By admin on March 20, 2014
Colorado became the 48th state to require many professionals to report abuse and exploitation of adults 70 years and older. Senate Bill 13-111, to be codified at C.R.S. § 18-6.5-108, becomes effective on July 1, 2014. Mandatory reporters are required to report elder abuse and exploitation to law enforcement within 24 hours. Failure to report can result in a Class 3 misdemeanor.
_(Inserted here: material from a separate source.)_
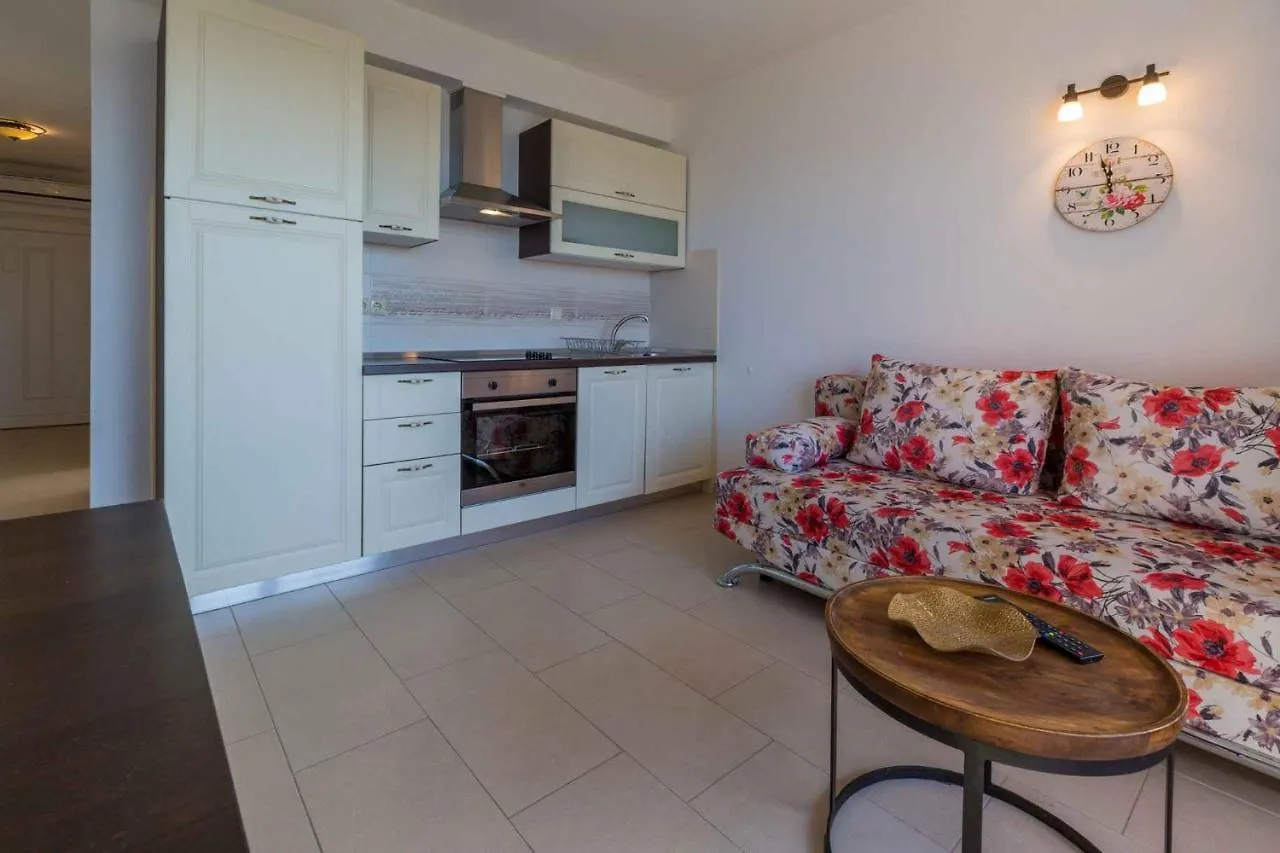 Apartments In Dramalj 39042 Croatia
Except for the perpetrator, anyone who makes a good-faith report is immune from liability for damages in any civil action or criminal prosecution.
Who are the mandatory reporters?
The following professionals, whether paid or unpaid, must report abuse and exploitation of adults 70 years and older (referred to as an at-risk elder):
- physicians, surgeons, physicians’ assistants, osteopaths, physicians in training, podiatrists, occupational therapists, and physical therapists;
- medical examiners and coroners;
- registered nurses, licensed practical nurses, and nurse practitioners;
- emergency medical service providers;
- hospital and long-term care facility personnel engaged in the admission, care, or treatment of patients;
- psychologists and other mental health professionals;
- social work practitioners;
- clergy members, unless the information was learned during a privileged communication;
- law enforcement officials and personnel;
- court-appointed guardians and conservators;
- fire protection personnel;
- community-centered board staff;
- personnel of banks, savings and loan associations, credit unions, and other lending or financial institutions;
- a caretaker, staff member, employee of, or a consultant for a licensed or certified care facility, agency, home, or governing board, including but not limited to home health providers; and
- a caretaker, staff member, employee of, or a consultant for a home care placement agency.
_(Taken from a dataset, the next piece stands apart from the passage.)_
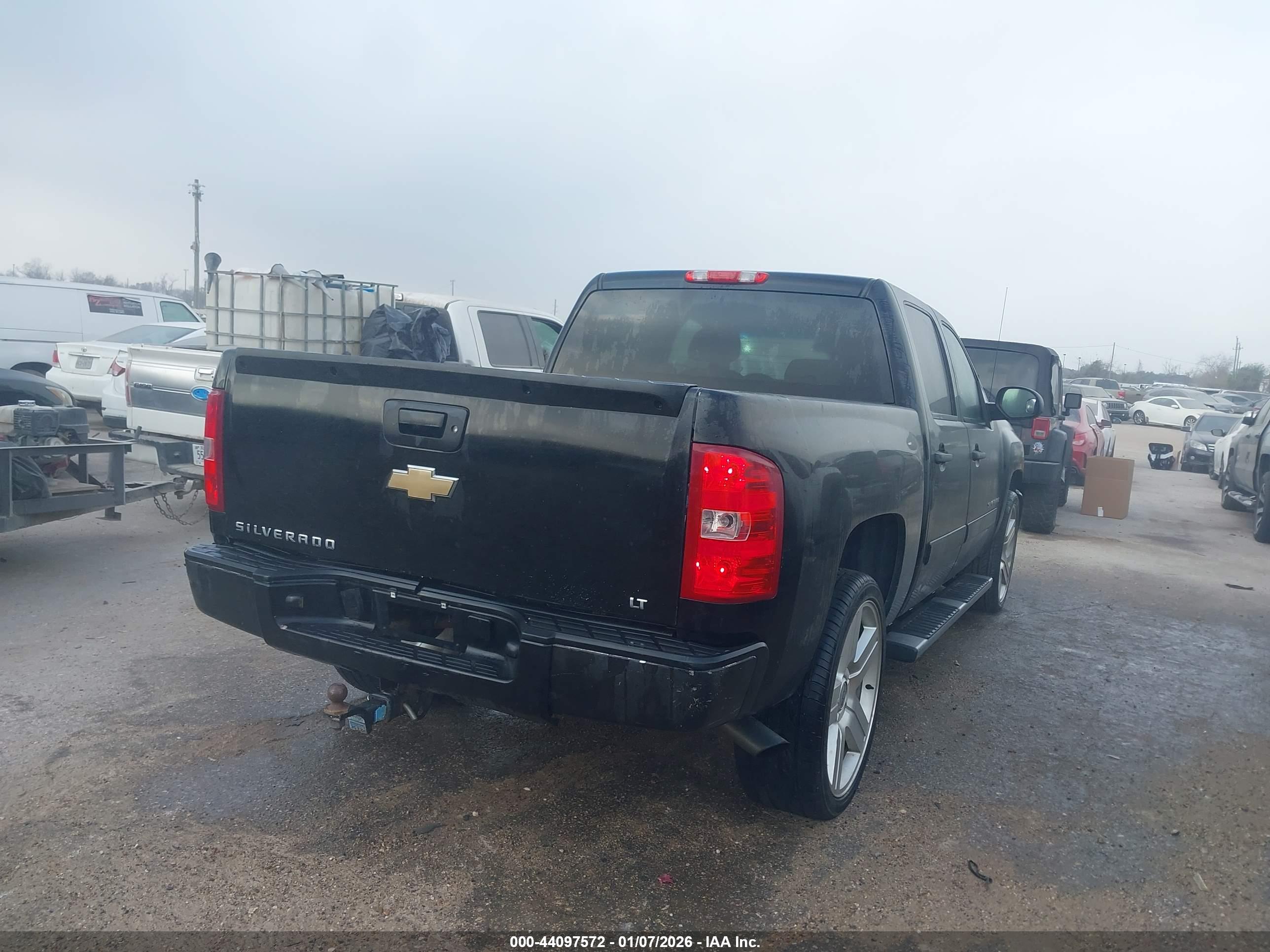 CHEVROLET SILVERADO image 4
When must a report be made?
Mandatory reporters are required to report to law enforcement within 24 hours when the reporter (1) has observed the abuse or exploitation of an adult 70 years or older or (2) has reasonable cause to believe that an adult 70 years or older has been abused or exploited or is at imminent risk of abuse or exploitation.
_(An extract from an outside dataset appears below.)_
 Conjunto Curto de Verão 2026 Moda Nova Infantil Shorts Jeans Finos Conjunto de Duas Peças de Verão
What should be in a report?
To the extent possible, the following information should be contained in the report:
- name, age, address, and contact information of the at-risk elder;
- name, age, address, and contact information of the reporter;
- name, age, address, and contact information of the at-risk elder’s caretaker, if any;
- name of the alleged perpetrator;
- nature and extent of the at-risk elder’s injury, whether physical or financial, if any;
- nature and extent of the condition that required the report; and
- any other pertinent information.
What is abuse?
The law defines abuse as any of the following acts or omissions:
- the non-accidental infliction of bodily injury, serious, bodily injury or death;
- confinement or restraint that is unreasonable under generally accepted caretaking standards;
- unlawful sexual conduct or contact; and
- caretaker neglect.
What is caretaker neglect?
Caretaker neglect is neglect that occurs when adequate food, clothing, shelter, psychological care, physical care, medical care, or supervision is not provided by a caretaker in a timely manner and with the degree of care that a reasonable person in the same situation would exercise. However, caretaker neglect does not include withholding, withdrawing, or refusing any medication, medical procedure or device, or treatment in accordance with a valid medical directive or order or as described in a palliative plan of care.
What is exploitation?
Exploitation is an act or omission committed by a person who (1) uses deception, harassment, intimidation, or undue influence to permanently deprive an at-risk elder of the use, benefit, or possession of his or her money, assets or property; (2) without legal authority, employs the services of a third party for the profit or advantage of the person or another person to the detriment of the at-risk elder or forces, compels, coerces, or entices an at-risk elder to perform services for the profit or advantage of the person or another person against the will of the at-risk elder; or (3) misuses the property of an at-risk elder in a manner that adversely affects the at-risk elder’s ability to receive health care, health care benefits, or to pay a bill for basic needs or obligations.
Does a mandatory reporter have to make a report if another person already has done so?
A mandatory reporter is not required to report the abuse or exploitation of an at-risk elder if the person knows that another person has already reported the same abuse or exploitation to a law enforcement agency that would have been the basis of the person’s own report.
The Colorado Department of Human Services has posted a list of frequently asked questions that can assist in education and compliance efforts.